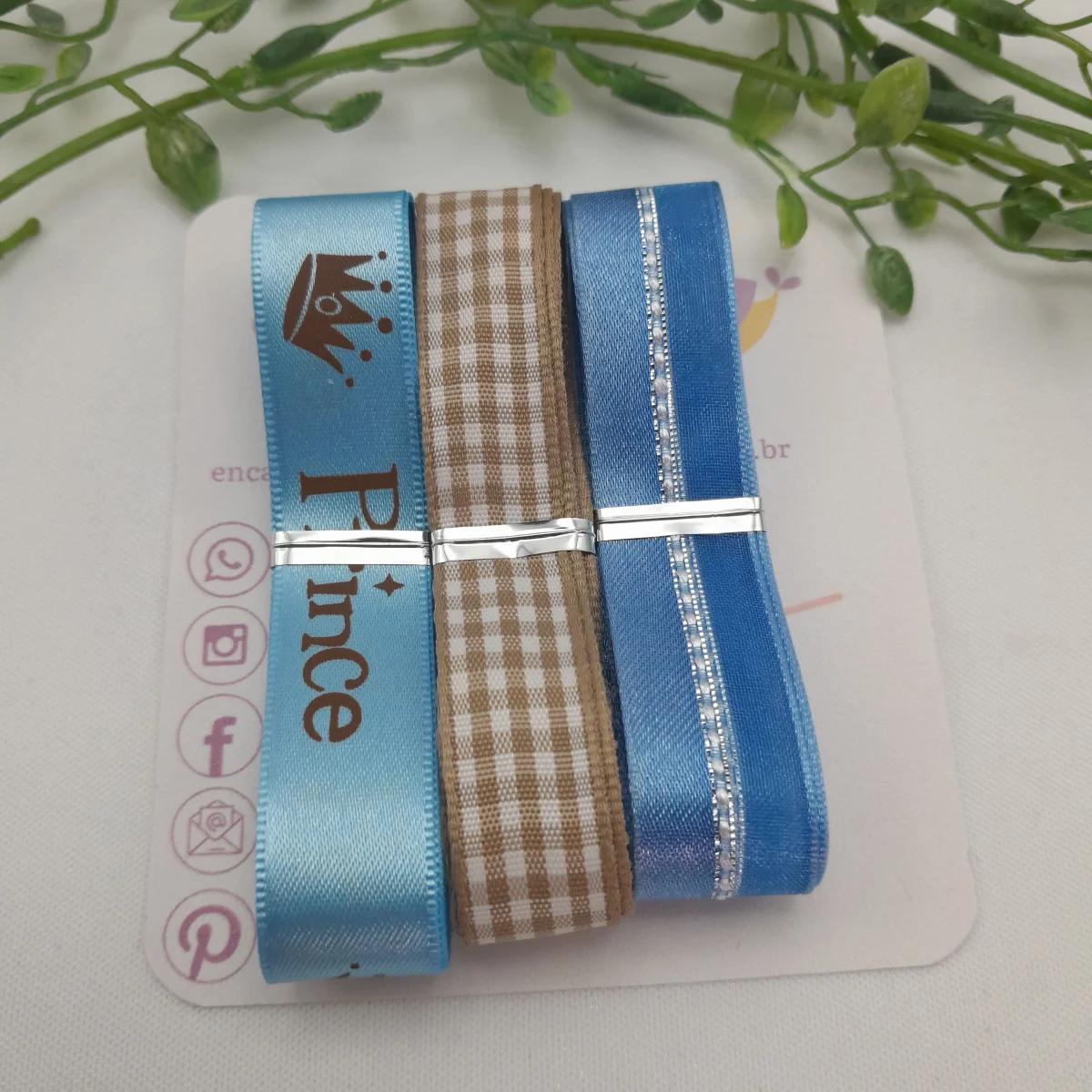 Kit de Fitas Coordenadas Realeza em Azul e Marrom Xadrez - Imagem 4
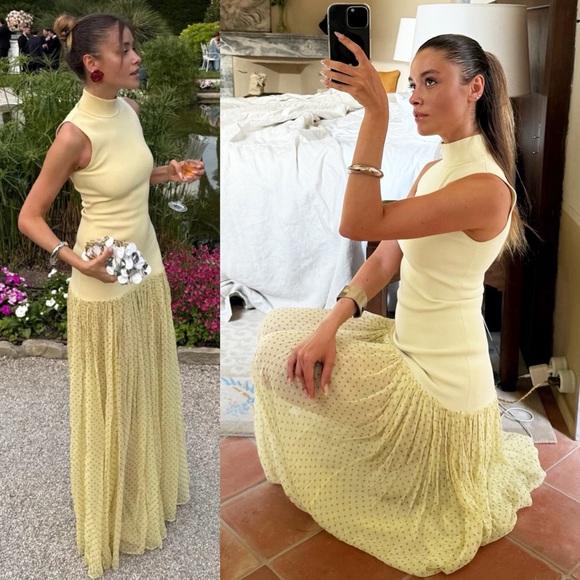 HELSA Costanza Gown Sheer Polka Dot Skirt Butter Yellow NEW with tag - Picture 9 of 10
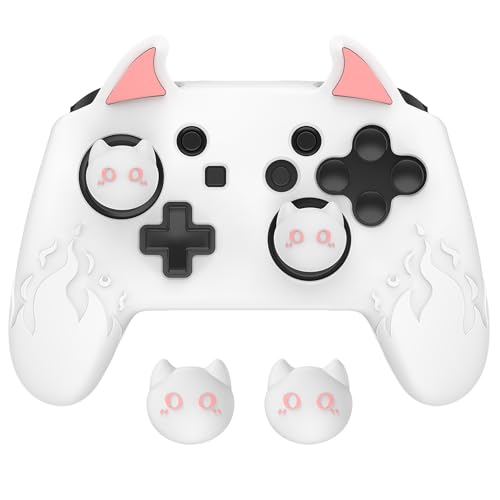 playvital Cute Demon Silicone Grip Cover for Nintendo Switch Pro Controller, Anti-Slip, Kawaii Protective Skin with Joystick Caps and Stickers Compatible with Nintendo Switch Pro- White - color: White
= = = =
Go through the listing and restate each line word for word, leaving out the pictures.

 Kit de Fitas Coordenadas Realeza em Azul e Marrom Xadrez - Imagem 4
 HELSA Costanza Gown Sheer Polka Dot Skirt Butter Yellow NEW with tag - Picture 9 of 10
 playvital Cute Demon Silicone Grip Cover for Nintendo Switch Pro Controller, Anti-Slip, Kawaii Protective Skin with Joystick Caps and Stickers Compatible with Nintendo Switch Pro- White - color: White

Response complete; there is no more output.